Task description
The listing should be printed again without a single change.

————

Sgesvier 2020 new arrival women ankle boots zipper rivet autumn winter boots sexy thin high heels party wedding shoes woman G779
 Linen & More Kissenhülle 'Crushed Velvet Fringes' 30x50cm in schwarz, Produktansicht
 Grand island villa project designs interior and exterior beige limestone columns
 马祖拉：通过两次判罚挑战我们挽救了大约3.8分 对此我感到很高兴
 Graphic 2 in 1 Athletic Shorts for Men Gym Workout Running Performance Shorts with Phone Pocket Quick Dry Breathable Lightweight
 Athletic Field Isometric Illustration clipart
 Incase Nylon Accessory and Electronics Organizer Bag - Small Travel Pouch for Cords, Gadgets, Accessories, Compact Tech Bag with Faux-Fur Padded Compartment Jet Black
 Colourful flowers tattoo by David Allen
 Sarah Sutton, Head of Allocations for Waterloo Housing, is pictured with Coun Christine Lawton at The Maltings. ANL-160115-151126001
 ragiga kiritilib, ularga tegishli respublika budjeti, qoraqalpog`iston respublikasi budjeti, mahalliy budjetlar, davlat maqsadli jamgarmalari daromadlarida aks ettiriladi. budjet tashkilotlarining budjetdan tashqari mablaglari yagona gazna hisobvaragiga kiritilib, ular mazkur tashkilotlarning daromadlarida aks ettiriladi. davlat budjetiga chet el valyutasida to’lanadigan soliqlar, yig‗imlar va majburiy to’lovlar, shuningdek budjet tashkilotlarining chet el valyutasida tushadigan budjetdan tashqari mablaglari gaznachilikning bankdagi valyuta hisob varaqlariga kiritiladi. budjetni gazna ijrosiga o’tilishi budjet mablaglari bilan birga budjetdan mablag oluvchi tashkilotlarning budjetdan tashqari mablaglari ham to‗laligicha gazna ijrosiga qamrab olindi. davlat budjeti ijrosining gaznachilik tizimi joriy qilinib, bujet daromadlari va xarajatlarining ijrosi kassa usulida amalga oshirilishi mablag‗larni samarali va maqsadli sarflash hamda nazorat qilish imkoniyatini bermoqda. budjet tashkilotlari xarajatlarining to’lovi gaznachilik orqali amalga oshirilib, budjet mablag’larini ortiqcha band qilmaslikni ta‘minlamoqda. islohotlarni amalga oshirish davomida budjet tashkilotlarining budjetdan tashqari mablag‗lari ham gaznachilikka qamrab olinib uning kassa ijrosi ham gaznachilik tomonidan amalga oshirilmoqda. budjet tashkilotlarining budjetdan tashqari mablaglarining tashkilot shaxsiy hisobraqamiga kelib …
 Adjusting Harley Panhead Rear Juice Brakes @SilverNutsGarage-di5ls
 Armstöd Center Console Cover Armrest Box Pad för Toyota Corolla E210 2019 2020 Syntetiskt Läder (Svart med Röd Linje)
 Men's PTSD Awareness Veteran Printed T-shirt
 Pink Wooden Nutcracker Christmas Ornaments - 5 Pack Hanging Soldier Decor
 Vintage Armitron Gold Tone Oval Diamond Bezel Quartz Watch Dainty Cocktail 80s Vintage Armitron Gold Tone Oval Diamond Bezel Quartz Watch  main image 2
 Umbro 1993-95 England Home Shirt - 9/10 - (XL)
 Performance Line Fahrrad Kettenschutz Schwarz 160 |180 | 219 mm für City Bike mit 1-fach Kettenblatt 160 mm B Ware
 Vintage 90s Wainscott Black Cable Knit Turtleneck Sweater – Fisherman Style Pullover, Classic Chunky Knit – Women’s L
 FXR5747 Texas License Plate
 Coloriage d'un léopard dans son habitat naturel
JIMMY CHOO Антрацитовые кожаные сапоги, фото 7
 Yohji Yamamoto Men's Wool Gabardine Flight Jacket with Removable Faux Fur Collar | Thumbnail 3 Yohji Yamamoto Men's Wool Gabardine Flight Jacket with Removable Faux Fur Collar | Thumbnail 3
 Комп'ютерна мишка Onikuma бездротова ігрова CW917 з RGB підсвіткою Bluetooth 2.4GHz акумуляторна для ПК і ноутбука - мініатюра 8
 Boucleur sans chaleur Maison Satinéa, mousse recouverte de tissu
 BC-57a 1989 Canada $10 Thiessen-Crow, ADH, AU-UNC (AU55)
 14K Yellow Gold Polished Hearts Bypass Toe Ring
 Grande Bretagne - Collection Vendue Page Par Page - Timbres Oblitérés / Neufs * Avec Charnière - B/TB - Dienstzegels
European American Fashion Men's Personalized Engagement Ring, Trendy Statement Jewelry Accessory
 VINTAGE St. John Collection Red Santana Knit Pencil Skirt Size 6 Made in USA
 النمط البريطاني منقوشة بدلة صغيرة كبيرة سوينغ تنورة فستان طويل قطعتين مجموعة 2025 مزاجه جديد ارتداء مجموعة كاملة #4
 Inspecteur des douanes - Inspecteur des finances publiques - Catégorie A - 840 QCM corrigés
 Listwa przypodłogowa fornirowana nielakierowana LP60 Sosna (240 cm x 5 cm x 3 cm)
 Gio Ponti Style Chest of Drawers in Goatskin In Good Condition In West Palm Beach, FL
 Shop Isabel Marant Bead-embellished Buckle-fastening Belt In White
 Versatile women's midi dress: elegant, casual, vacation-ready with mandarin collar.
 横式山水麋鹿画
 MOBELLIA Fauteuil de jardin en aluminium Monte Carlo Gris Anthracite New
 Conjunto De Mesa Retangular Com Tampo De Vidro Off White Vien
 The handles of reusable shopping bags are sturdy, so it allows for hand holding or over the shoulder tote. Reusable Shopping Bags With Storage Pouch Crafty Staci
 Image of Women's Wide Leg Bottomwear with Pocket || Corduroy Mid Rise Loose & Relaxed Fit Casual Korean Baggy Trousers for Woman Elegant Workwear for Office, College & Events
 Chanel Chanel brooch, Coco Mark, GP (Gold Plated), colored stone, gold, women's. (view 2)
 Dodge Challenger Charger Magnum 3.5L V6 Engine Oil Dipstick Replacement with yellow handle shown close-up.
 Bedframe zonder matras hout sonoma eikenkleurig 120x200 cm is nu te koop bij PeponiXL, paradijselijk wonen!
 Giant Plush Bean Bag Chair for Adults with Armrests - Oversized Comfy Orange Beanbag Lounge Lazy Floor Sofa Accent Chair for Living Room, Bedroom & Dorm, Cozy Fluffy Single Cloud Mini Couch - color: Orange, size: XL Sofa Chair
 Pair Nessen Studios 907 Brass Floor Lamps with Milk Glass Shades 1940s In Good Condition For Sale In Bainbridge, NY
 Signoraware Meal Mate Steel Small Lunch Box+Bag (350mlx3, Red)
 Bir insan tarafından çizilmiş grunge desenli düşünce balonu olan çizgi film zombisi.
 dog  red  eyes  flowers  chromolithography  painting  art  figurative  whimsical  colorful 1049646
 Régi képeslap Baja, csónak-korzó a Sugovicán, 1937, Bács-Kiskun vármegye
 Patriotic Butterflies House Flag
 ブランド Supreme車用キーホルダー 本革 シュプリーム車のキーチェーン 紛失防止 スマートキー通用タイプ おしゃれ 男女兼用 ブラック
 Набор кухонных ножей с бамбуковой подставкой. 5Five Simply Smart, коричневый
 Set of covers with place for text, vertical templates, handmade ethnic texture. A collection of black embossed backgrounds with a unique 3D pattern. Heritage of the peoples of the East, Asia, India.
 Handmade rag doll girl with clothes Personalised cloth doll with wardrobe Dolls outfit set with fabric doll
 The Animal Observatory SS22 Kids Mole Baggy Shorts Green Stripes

————

Solution for this task
Sgesvier 2020 new arrival women ankle boots zipper rivet autumn winter boots sexy thin high heels party wedding shoes woman G779
 Linen & More Kissenhülle 'Crushed Velvet Fringes' 30x50cm in schwarz, Produktansicht
 Grand island villa project designs interior and exterior beige limestone columns
 马祖拉：通过两次判罚挑战我们挽救了大约3.8分 对此我感到很高兴
 Graphic 2 in 1 Athletic Shorts for Men Gym Workout Running Performance Shorts with Phone Pocket Quick Dry Breathable Lightweight
 Athletic Field Isometric Illustration clipart
 Incase Nylon Accessory and Electronics Organizer Bag - Small Travel Pouch for Cords, Gadgets, Accessories, Compact Tech Bag with Faux-Fur Padded Compartment Jet Black
 Colourful flowers tattoo by David Allen
 Sarah Sutton, Head of Allocations for Waterloo Housing, is pictured with Coun Christine Lawton at The Maltings. ANL-160115-151126001
 ragiga kiritilib, ularga tegishli respublika budjeti, qoraqalpog`iston respublikasi budjeti, mahalliy budjetlar, davlat maqsadli jamgarmalari daromadlarida aks ettiriladi. budjet tashkilotlarining budjetdan tashqari mablaglari yagona gazna hisobvaragiga kiritilib, ular mazkur tashkilotlarning daromadlarida aks ettiriladi. davlat budjetiga chet el valyutasida to’lanadigan soliqlar, yig‗imlar va majburiy to’lovlar, shuningdek budjet tashkilotlarining chet el valyutasida tushadigan budjetdan tashqari mablaglari gaznachilikning bankdagi valyuta hisob varaqlariga kiritiladi. budjetni gazna ijrosiga o’tilishi budjet mablaglari bilan birga budjetdan mablag oluvchi tashkilotlarning budjetdan tashqari mablaglari ham to‗laligicha gazna ijrosiga qamrab olindi. davlat budjeti ijrosining gaznachilik tizimi joriy qilinib, bujet daromadlari va xarajatlarining ijrosi kassa usulida amalga oshirilishi mablag‗larni samarali va maqsadli sarflash hamda nazorat qilish imkoniyatini bermoqda. budjet tashkilotlari xarajatlarining to’lovi gaznachilik orqali amalga oshirilib, budjet mablag’larini ortiqcha band qilmaslikni ta‘minlamoqda. islohotlarni amalga oshirish davomida budjet tashkilotlarining budjetdan tashqari mablag‗lari ham gaznachilikka qamrab olinib uning kassa ijrosi ham gaznachilik tomonidan amalga oshirilmoqda. budjet tashkilotlarining budjetdan tashqari mablaglarining tashkilot shaxsiy hisobraqamiga kelib …
 Adjusting Harley Panhead Rear Juice Brakes @SilverNutsGarage-di5ls
 Armstöd Center Console Cover Armrest Box Pad för Toyota Corolla E210 2019 2020 Syntetiskt Läder (Svart med Röd Linje)
 Men's PTSD Awareness Veteran Printed T-shirt
 Pink Wooden Nutcracker Christmas Ornaments - 5 Pack Hanging Soldier Decor
 Vintage Armitron Gold Tone Oval Diamond Bezel Quartz Watch Dainty Cocktail 80s Vintage Armitron Gold Tone Oval Diamond Bezel Quartz Watch  main image 2
 Umbro 1993-95 England Home Shirt - 9/10 - (XL)
 Performance Line Fahrrad Kettenschutz Schwarz 160 |180 | 219 mm für City Bike mit 1-fach Kettenblatt 160 mm B Ware
 Vintage 90s Wainscott Black Cable Knit Turtleneck Sweater – Fisherman Style Pullover, Classic Chunky Knit – Women’s L
 FXR5747 Texas License Plate
 Coloriage d'un léopard dans son habitat naturel
JIMMY CHOO Антрацитовые кожаные сапоги, фото 7
 Yohji Yamamoto Men's Wool Gabardine Flight Jacket with Removable Faux Fur Collar | Thumbnail 3 Yohji Yamamoto Men's Wool Gabardine Flight Jacket with Removable Faux Fur Collar | Thumbnail 3
 Комп'ютерна мишка Onikuma бездротова ігрова CW917 з RGB підсвіткою Bluetooth 2.4GHz акумуляторна для ПК і ноутбука - мініатюра 8
 Boucleur sans chaleur Maison Satinéa, mousse recouverte de tissu
 BC-57a 1989 Canada $10 Thiessen-Crow, ADH, AU-UNC (AU55)
 14K Yellow Gold Polished Hearts Bypass Toe Ring
 Grande Bretagne - Collection Vendue Page Par Page - Timbres Oblitérés / Neufs * Avec Charnière - B/TB - Dienstzegels
European American Fashion Men's Personalized Engagement Ring, Trendy Statement Jewelry Accessory
 VINTAGE St. John Collection Red Santana Knit Pencil Skirt Size 6 Made in USA
 النمط البريطاني منقوشة بدلة صغيرة كبيرة سوينغ تنورة فستان طويل قطعتين مجموعة 2025 مزاجه جديد ارتداء مجموعة كاملة #4
 Inspecteur des douanes - Inspecteur des finances publiques - Catégorie A - 840 QCM corrigés
 Listwa przypodłogowa fornirowana nielakierowana LP60 Sosna (240 cm x 5 cm x 3 cm)
 Gio Ponti Style Chest of Drawers in Goatskin In Good Condition In West Palm Beach, FL
 Shop Isabel Marant Bead-embellished Buckle-fastening Belt In White
 Versatile women's midi dress: elegant, casual, vacation-ready with mandarin collar.
 横式山水麋鹿画
 MOBELLIA Fauteuil de jardin en aluminium Monte Carlo Gris Anthracite New
 Conjunto De Mesa Retangular Com Tampo De Vidro Off White Vien
 The handles of reusable shopping bags are sturdy, so it allows for hand holding or over the shoulder tote. Reusable Shopping Bags With Storage Pouch Crafty Staci
 Image of Women's Wide Leg Bottomwear with Pocket || Corduroy Mid Rise Loose & Relaxed Fit Casual Korean Baggy Trousers for Woman Elegant Workwear for Office, College & Events
 Chanel Chanel brooch, Coco Mark, GP (Gold Plated), colored stone, gold, women's. (view 2)
 Dodge Challenger Charger Magnum 3.5L V6 Engine Oil Dipstick Replacement with yellow handle shown close-up.
 Bedframe zonder matras hout sonoma eikenkleurig 120x200 cm is nu te koop bij PeponiXL, paradijselijk wonen!
 Giant Plush Bean Bag Chair for Adults with Armrests - Oversized Comfy Orange Beanbag Lounge Lazy Floor Sofa Accent Chair for Living Room, Bedroom & Dorm, Cozy Fluffy Single Cloud Mini Couch - color: Orange, size: XL Sofa Chair
 Pair Nessen Studios 907 Brass Floor Lamps with Milk Glass Shades 1940s In Good Condition For Sale In Bainbridge, NY
 Signoraware Meal Mate Steel Small Lunch Box+Bag (350mlx3, Red)
 Bir insan tarafından çizilmiş grunge desenli düşünce balonu olan çizgi film zombisi.
 dog  red  eyes  flowers  chromolithography  painting  art  figurative  whimsical  colorful 1049646
 Régi képeslap Baja, csónak-korzó a Sugovicán, 1937, Bács-Kiskun vármegye
 Patriotic Butterflies House Flag
 ブランド Supreme車用キーホルダー 本革 シュプリーム車のキーチェーン 紛失防止 スマートキー通用タイプ おしゃれ 男女兼用 ブラック
 Набор кухонных ножей с бамбуковой подставкой. 5Five Simply Smart, коричневый
 Set of covers with place for text, vertical templates, handmade ethnic texture. A collection of black embossed backgrounds with a unique 3D pattern. Heritage of the peoples of the East, Asia, India.
 Handmade rag doll girl with clothes Personalised cloth doll with wardrobe Dolls outfit set with fabric doll
 The Animal Observatory SS22 Kids Mole Baggy Shorts Green Stripes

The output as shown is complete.